“Mis pensamientos no son vuestros pensamientos, ni vuestros caminos
mis caminos, dijo Jehová” Isaías
55:8.
Estas
palabras manifiestan con gran solemnidad los terribles estragos que el pecado
ha causado a la humanidad caída. Los seres humanos están lejos de su Creador;
no, aún peor, están “ajenos de la vida de Dios por la ignorancia que en ellos
hay, por la dureza de su corazón” (Efesios 4:18). Como consecuencia de esto, el
alma ha perdido su ancla y todo está fuera de control, la depravación humana ha
trastornado todo. En lugar de subordinar los asuntos de esta vida a los
intereses de la vida venidera, el hombre se dedica principalmente al presente,
y poco o nada piensa acerca del porvenir eterno. En lugar de dar su primera
prioridad al bien de su alma antes que a las necesidades del cuerpo, el hombre
se ocupa principalmente del alimento y el vestido. En lugar de que la gran meta
del hombre sea agradar a Dios, atenderse a sí mismo se ha convertido es su ocupación
principal.
Los
pensamientos del hombre deberían ser gobernados por la Palabra de Dios, y sus caminos
regulados por la voluntad revelada de Dios. Por eso es que las cosas que son muy
valiosas para Dios (1 Pedro 3:4) son despreciadas por la criatura caída, y por
lo tanto sucede que “lo que los hombres tienen por sublime, delante de Dios es
abominación” (Lucas 16:15). El hombre ha trastocado las cosas. Esto
lamentablemente se evidencia cuando intenta manejar las cosas divinas: la
perversidad que el pecado ha causado se muestra en que revierte el orden de
Dios. Las Sagradas Escrituras hablan del “espíritu, alma y cuerpo” del hombre
(1 Ts. 5:23), pero cuando el mundo hace referencia a estas tres cosas dice:
“cuerpo, alma y espíritu” –vea el slogan de Asociación Cristiana de Jóvenes. La
Biblia declara que los cristianos son “extranjeros y peregrinos” en esta
tierra, pero nueve de diez veces, aun los hombres buenos hablan y escriben de
“peregrinos y extranjeros”.
Esta
tendencia de revertir el orden divino de las cosas es típica de la naturaleza
del hombre caído, y a menos que el Espíritu Santo intervenga obrando un milagro
de gracia en nosotros, sus efectos son fatales para el alma. En ninguna parte
tenemos un ejemplo más temible y trágico de esto que en los mensajes evangelísticos
que ahora se predican, en que rara vez se reconoce que algo anda mal en el mundo.

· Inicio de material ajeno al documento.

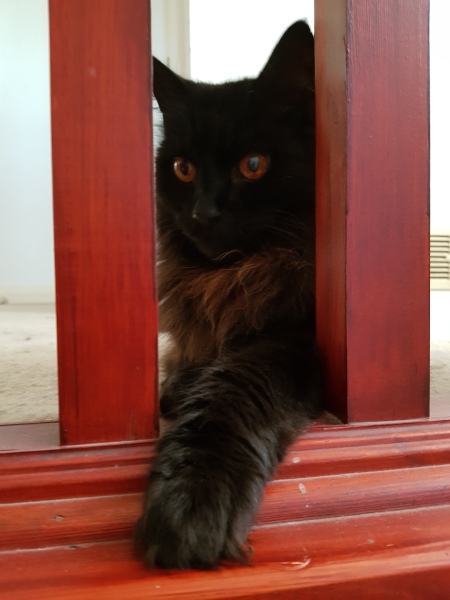 Further Adventures of the Excellent Cats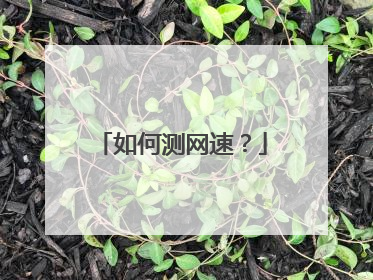 如何测网速？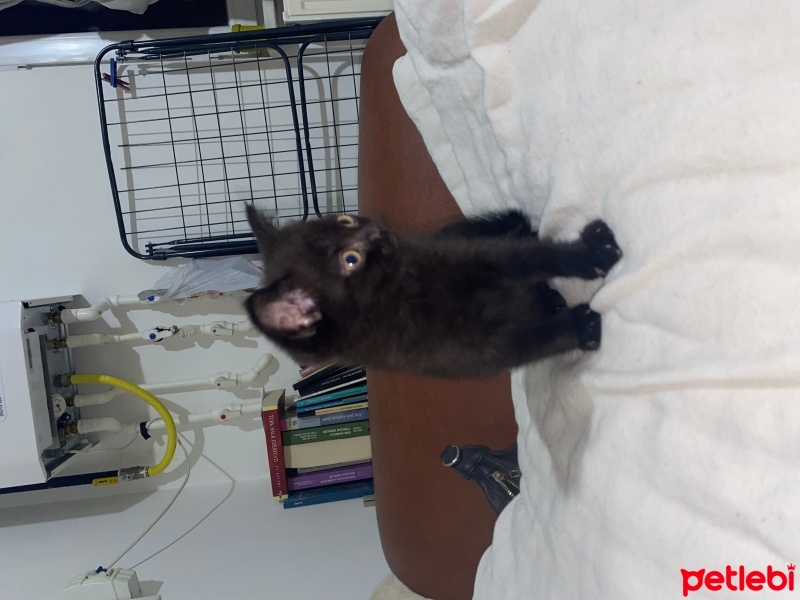 British Shorthair, Kedi  Black fotoğrafı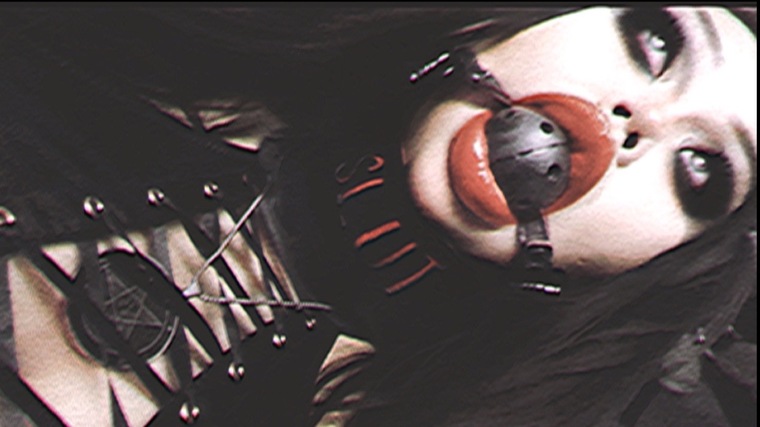 LeileiVon banner image
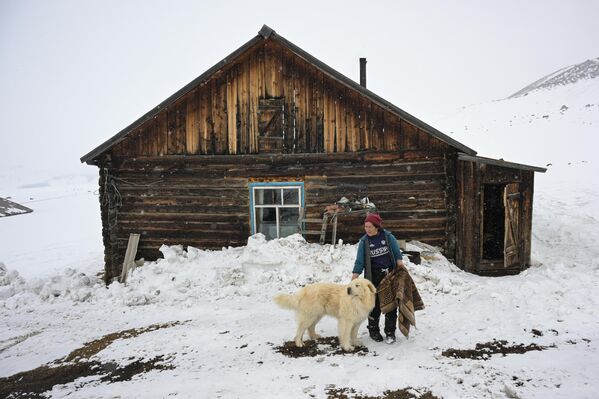 Žena sa psom na udaljenom stočnom mestu u regionu Koš-Agač u Republici Altaj. - Sputnik Srbija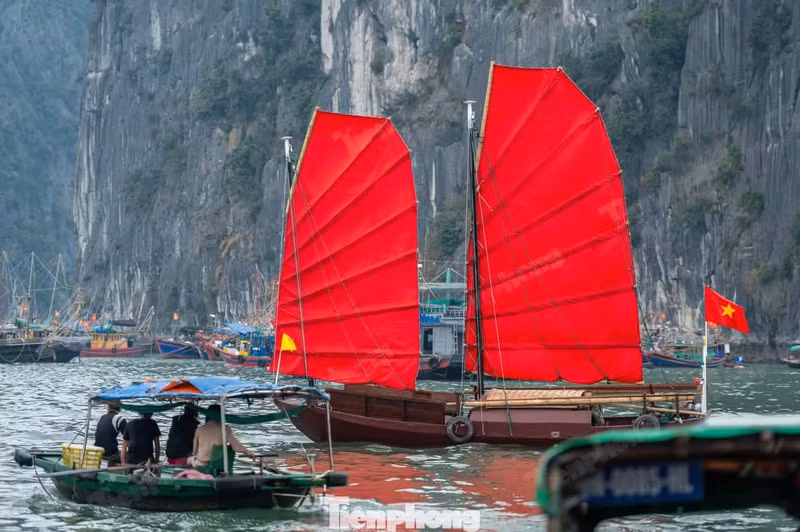 Foto: tienphong.vn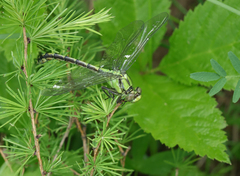 Ophiogomphus obscurus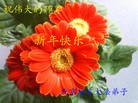 Published on 2/13/2013 ���ֹ�,��½�󷨵��ӹ�ףʦ��������֣�35����
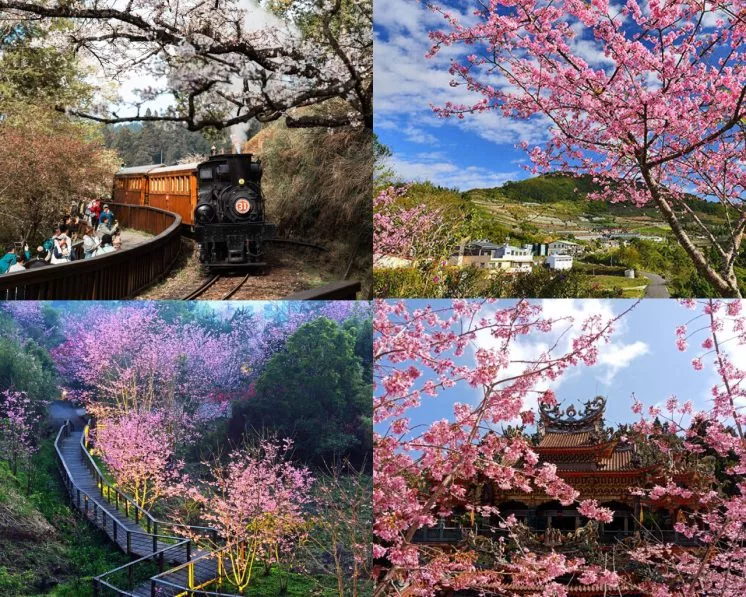 2025阿里山櫻花季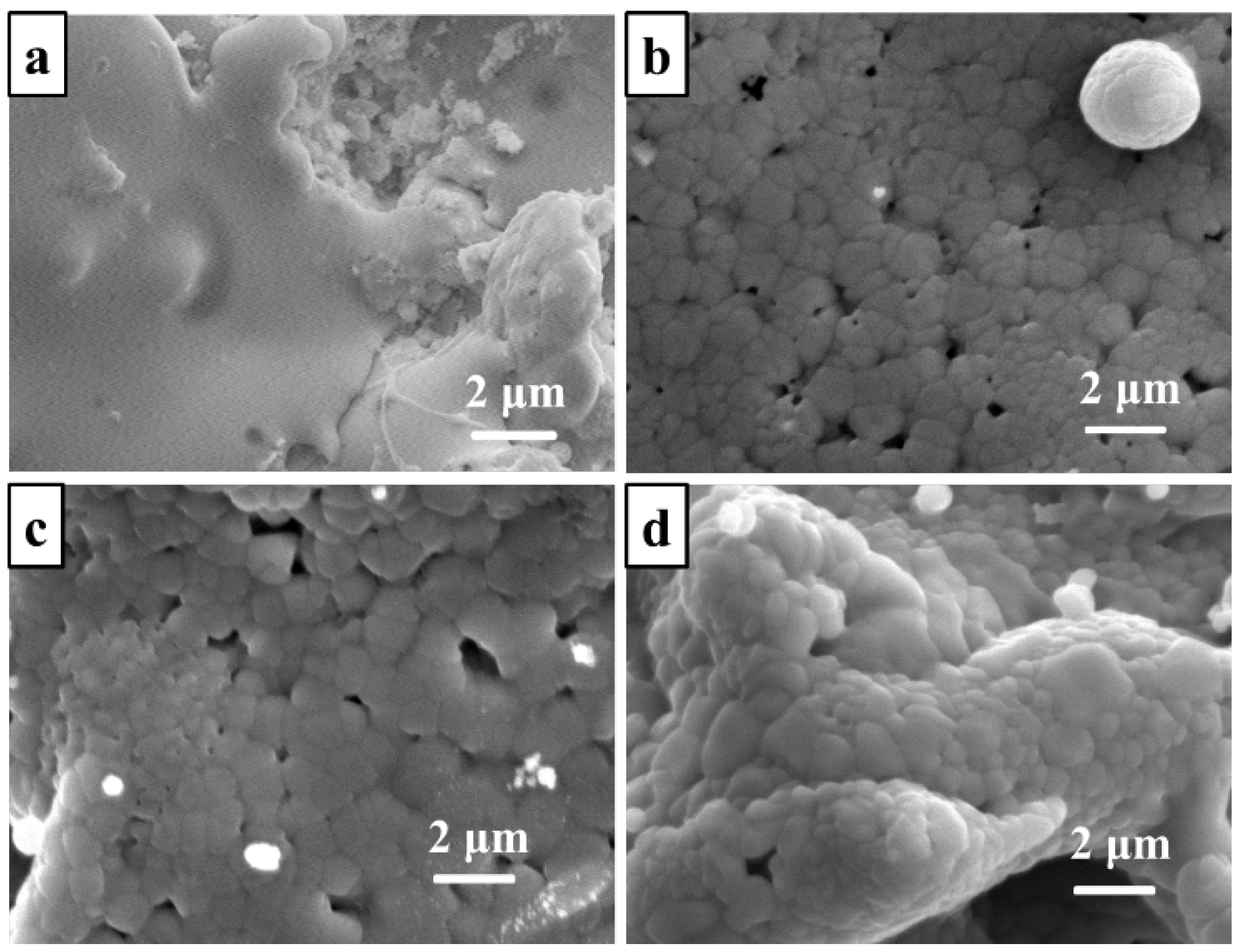 Coatings 12 00510 g009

Muchos ven con tristeza que el cristianismo también se encuentra en un estado
lamentable: el error abunda por todas partes, la consagración práctica escasea,
la mundanalidad le ha quitado vitalidad a la mayoría de las iglesias. Eso se
hace aparente a cada vez más almas sinceras. Pero realmente son pocos cuyos
ojos están abiertos para poder ver qué mal están las cosas, ciertamente pocos
perciben que las cosas están corruptas desde los mismos cimientos. No obstante,
éste es el caso.
El
plan de salvación de Dios casi ni se conoce en la actualidad. El “Evangelio”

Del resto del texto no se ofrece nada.